Reduce memory by loading selected columns

The first method is to load some fields, but not all of them. For example, we are trying to load a CSV file by read_csv. By default, it loads all fields. However, read_csv allows you to pass the column names to usecols, which means only those columns in this list would be loaded.

import numpy as np
import pandas as pd
import os
# At first, we create a dataset with 20000 rows and 10 columns.
# Meanwhile, we assign 10 column names for these 10 columns.
d = np.random.randint(0, 20, size=(20000, 10))
df = pd.DataFrame(d,
columns=["a", "b", "c", "d", "e", "f", "g", "h", "i", "j"])
# Export this dataset to a csv file with sep=`\t` and without index.
df.to_csv("output/raw.csv", sep='\t', index=False)
# At first, we load all columns from this file.
# Then print the information of this dataframe object.
full_df = pd.read_csv("output/raw.csv", sep='\t')
print(full_df.info())
print("----------------------------------------------------------------")
# Then, we load this file again, but with only 3 fields.
# Then print the information of this dataframe object again.
less_df = pd.read_csv("output/raw.csv", sep='\t', usecols=["a", "b", "c"])
print(less_df.info())
os.remove("output/raw.csv")

As you can see from the output of this code widget:

  • The memory usage of the first DataFrame object (output of line 17) is 1.5MB.

  • The memory usage of the second DataFrame object (output of line 24) is 46BKB, which is about a third.

Notice: Because of the limitation of this site, I can’t create a dataset with too much size.
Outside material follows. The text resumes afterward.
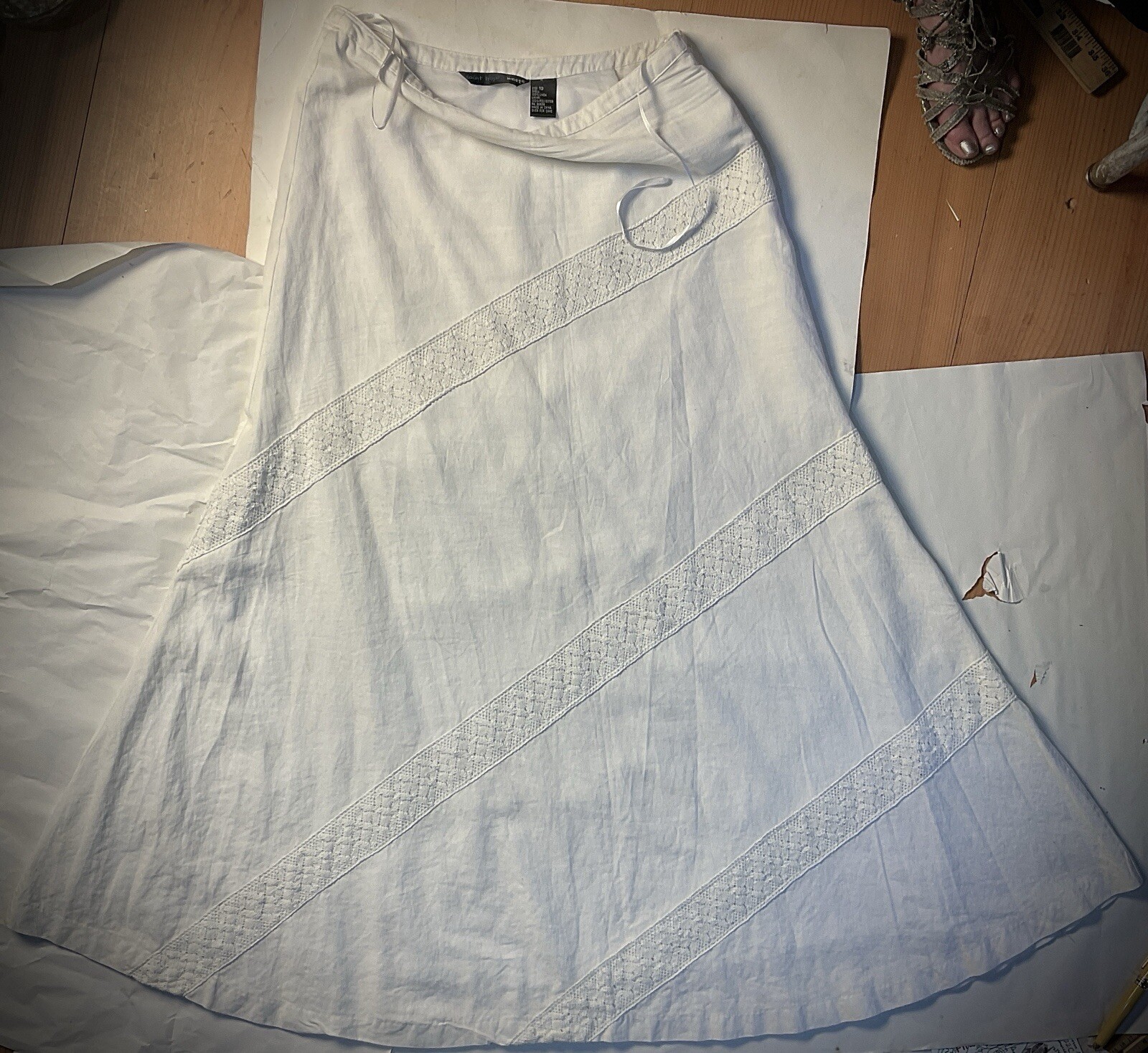 White Linen Long Skirt SZ10 Lined Waist=30” Waist To Hem=39” Zip Hook Closure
However, from the output of the last example, choosing selected columns can reduce memory usage greatly, if your dataset is h​uge.
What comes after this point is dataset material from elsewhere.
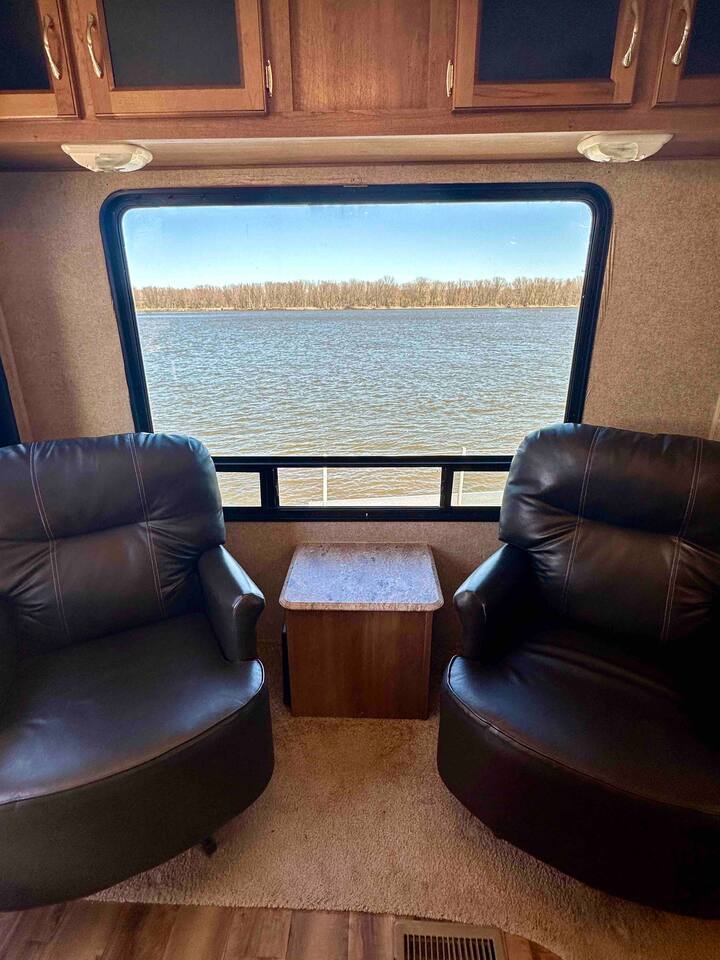 Riverfront Camper - Tent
Reduce memory by specifying column types

The second method is to specify the type of each column. The read_csv allows you to pass a dict (the key is the column name, value is the type) to dtype. In this example, all data value is between 0 and 20, however, the default type is int64a signed 64-bit integer. Obviously, for such data, the uint8an unsigned 8-bit integer type is sufficient.

import numpy as np
import pandas as pd
import os
# At first, we create a dataset with 20000 rows and 10 columns.
# Meanwhile, we assign 10 column names for these 10 columns.
d = np.random.randint(0, 20, size=(20000, 10))
df = pd.DataFrame(d,
columns=["a", "b", "c", "d", "e", "f", "g", "h", "i", "j"])
# Export this dataset to a csv file with sep=`\t` and without index.
df.to_csv("output/raw.csv", sep='\t', index=False)
# At first, we load all columns from this file.
# Then print the information of this dataframe object.
full_df = pd.read_csv("output/raw.csv", sep='\t')
print(full_df.info())
print("----------------------------------------------------------------")
# Specify data type for each column.
# The key is column name, value is data type
dtype = {
"a": 'uint8',
"b": 'uint8',
"c": 'uint8',
"d": 'uint8',
"e": 'uint8',
"f": 'uint8',
"9": 'uint8',
"h": 'uint8',
"i": 'uint8',
"j": 'uint8'
}
# Then, we load this file again, but specify the data type for each column.
# Then print the information of this dataframe object again.
less_df = pd.read_csv("output/raw.csv", sep='\t', dtype=dtype)
print(less_df.info())
os.remove("output/raw.csv")

As you can see from the output of this code widget:

  • The memory usage of the first DataFrame object (output of line 17) is 1.5MB.

  • The memory usage of the second DataFrame object (output of line 38) is 332KB, which is about a fifth.